Every line from the line containing "Male sprague- dawley(150-250g)" through the final line below is to be repeated exactly; no other line is.

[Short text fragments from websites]
┄┄┄┄┄┄┄┄┄┄

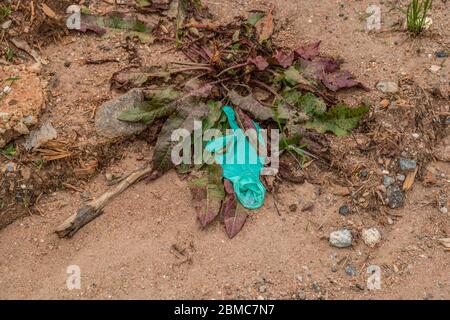 A blue rubber latex glove used and worn for protection from the coronavirus pandemic dumped on the ground alongside the road polluting the environment Stock Photo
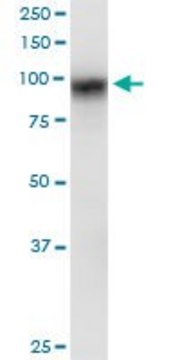 Anti-DLG3 antibody produced in mouse purified immunoglobulin, buffered aqueous solution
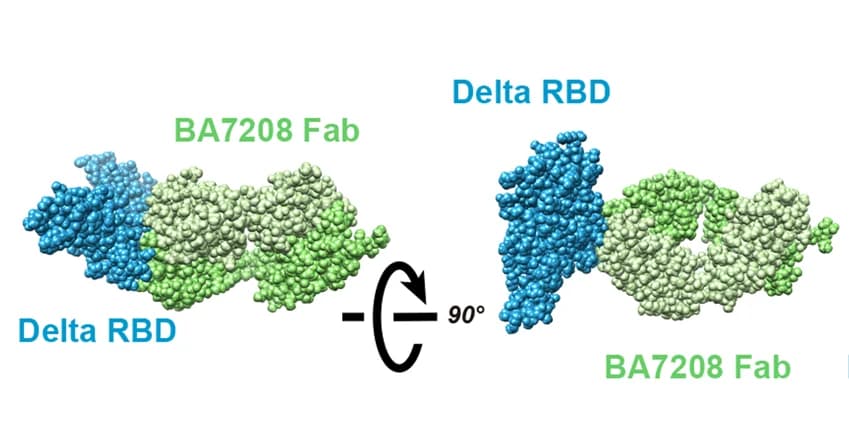 Open access visualization of Protein Structure, BA7208-Fab, Fab Light Chain, Fab Heavy Chain, Delta Spike-RBD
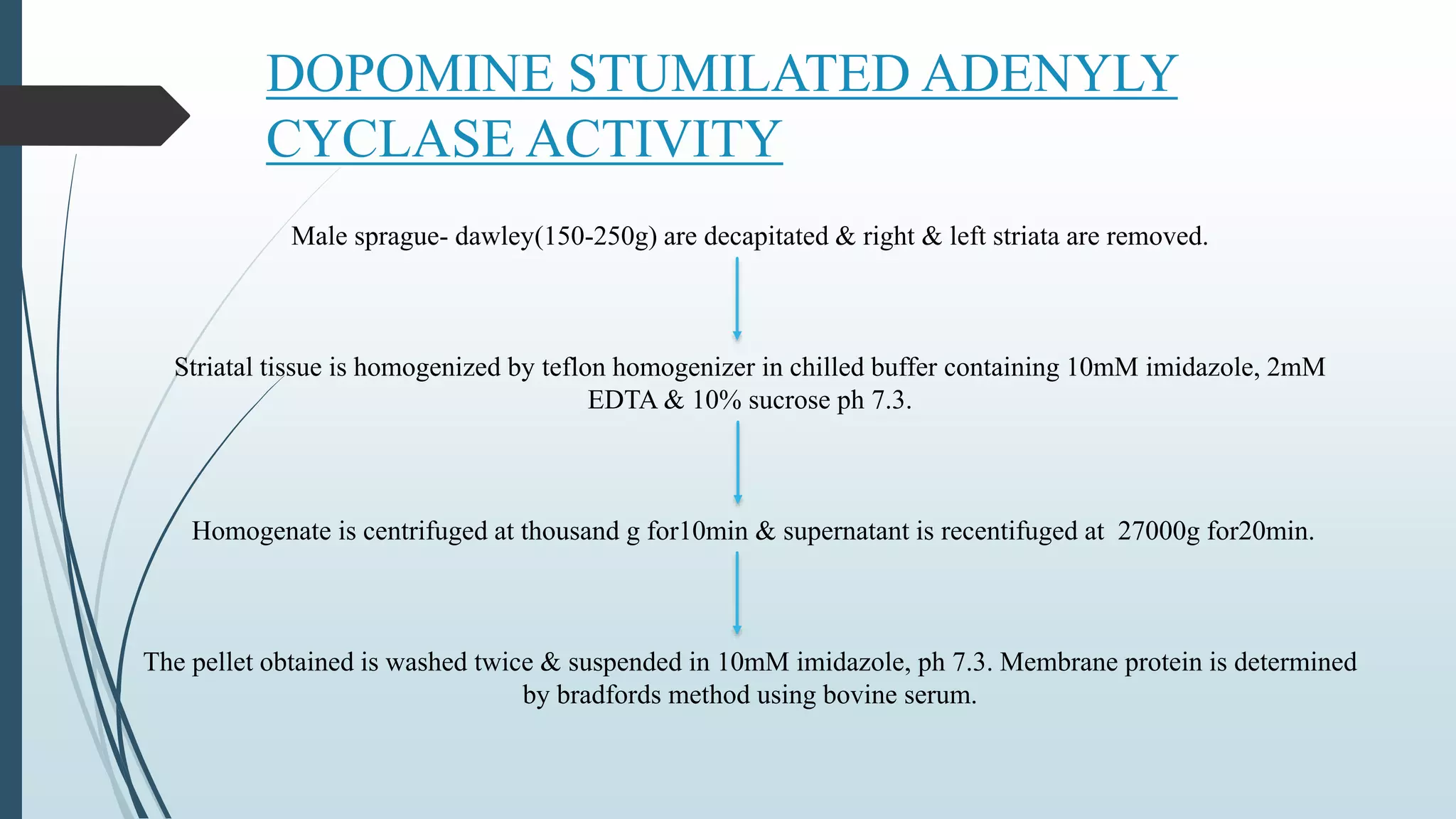 DOPOMINE STUMILATED ADENYLY
CYCLASE ACTIVITY
Male sprague- dawley(150-250g) are decapitated & right & left striata are removed.
Striatal tissue is homogenized by teflon homogenizer in chilled buffer containing 10mM imidazole, 2mM
EDTA & 10% sucrose ph 7.3.
Homogenate is centrifuged at thousand g for10min & supernatant is recentifuged at 27000g for20min.
The pellet obtained is washed twice & suspended in 10mM imidazole, ph 7.3. Membrane protein is determined
by bradfords method using bovine serum.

┄┄┄┄┄┄┄┄┄┄

[WRITTEN ANSWER]:
Male sprague- dawley(150-250g) are decapitated & right & left striata are removed.
Striatal tissue is homogenized by teflon homogenizer in chilled buffer containing 10mM imidazole, 2mM
EDTA & 10% sucrose ph 7.3.
Homogenate is centrifuged at thousand g for10min & supernatant is recentifuged at 27000g for20min.
The pellet obtained is washed twice & suspended in 10mM imidazole, ph 7.3. Membrane protein is determined
by bradfords method using bovine serum.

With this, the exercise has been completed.